Overview
Systemtap allows you harness both static and dynamic instrumentation without recompiling your code. It can perform simple things like dynamically inserting a printk anywhere, or changing a critical data structure of the kernel (guru mode). All operations are performed as root (shell prompt of #). While Systemtap has many safeguards in place to sandbox dangerous, system crashing actions, it's not infallible. Proceed at your own risk.
- git clone git://kernel.ubuntu.com/cking/systemtap-scripts.git
- git clone git://kernel.ubuntu.com/ppetraki/manza-tapset.git
- bzr branch lp:~peter-petrakis/+junk/systemtap-infosession
Basics
- Awk/C like language, gets the job done
- Embedded C mode aka "guru mode"
Reference http://sourceware.org/systemtap/langref/
Systemtap Installation
$ sudo apt-get install -y systemtap gcc
Where to get debug symbols for kernel X?
GPG key import
- 16.04 and higher
sudo apt-key adv --keyserver keyserver.ubuntu.com --recv-keys C8CAB6595FDFF622
- older distributions
sudo apt-key adv --keyserver keyserver.ubuntu.com --recv-keys ECDCAD72428D7C01
Add repository config
codename=$(lsb_release -c | awk '{print $2}') sudo tee /etc/apt/sources.list.d/ddebs.list << EOF deb http://ddebs.ubuntu.com/ ${codename} main restricted universe multiverse deb http://ddebs.ubuntu.com/ ${codename}-security main restricted universe multiverse deb http://ddebs.ubuntu.com/ ${codename}-updates main restricted universe multiverse deb http://ddebs.ubuntu.com/ ${codename}-proposed main restricted universe multiverse EOF sudo apt-get update sudo apt-get install linux-image-$(uname -r)-dbgsym
How do I build a debuginfo kernel if one isn't available?
$ cd $HOME $ sudo apt-get install dpkg-dev debhelper gawk $ mkdir tmp $ cd tmp $ sudo apt-get build-dep --no-install-recommends linux-image-$(uname -r) $ apt-get source linux-image-$(uname -r) $ cd linux-2.6.31 (this is currently the kernel version of 9.10) $ fakeroot debian/rules clean $ AUTOBUILD=1 fakeroot debian/rules binary-generic skipdbg=false $ sudo dpkg -i ../linux-image-debug-2.6.31-19-generic_2.6.31-19.56_amd64.ddeb
Work around broken dbgsym file layout so kernel and module probe points work
Systemtap having been developed at RH is predisposed to their layout for kernel debug symbols. Typically, everything is installed under /usr/lib/debug/<kernel ver>, what debian/ubuntu does is split the kernel proper and the modules into two separate directories.

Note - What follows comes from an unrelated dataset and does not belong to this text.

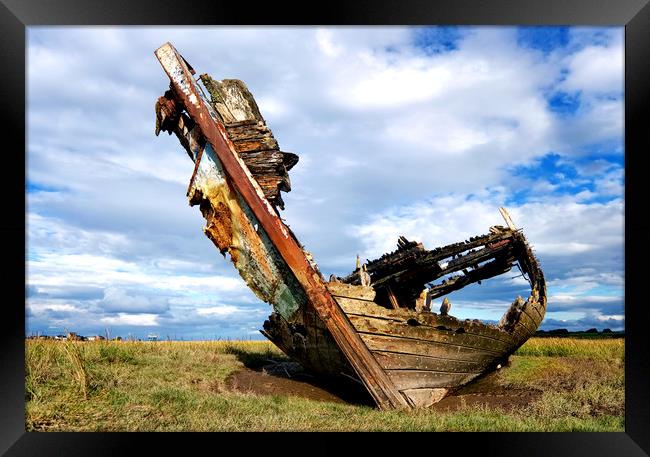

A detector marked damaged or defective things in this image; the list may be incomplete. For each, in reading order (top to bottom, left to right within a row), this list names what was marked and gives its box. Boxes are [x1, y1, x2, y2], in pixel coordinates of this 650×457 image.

rusted metal beam [153, 43, 404, 410]
rusty metal strip [155, 41, 408, 408]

Not only that, elfutils actually looks for modules with a .debug extension e.g. psmouse.ko.debug, as a result, even though it's searching in the right place, the expected file name is wrong, causing stap to fail when probing modules.
Run the following script as root to setup your debug symbols each time you install a kernel ddeb. Eventually this will integrated into the main package. Note unlike previous workarounds, this doesn't touch your real modules /lib/modules.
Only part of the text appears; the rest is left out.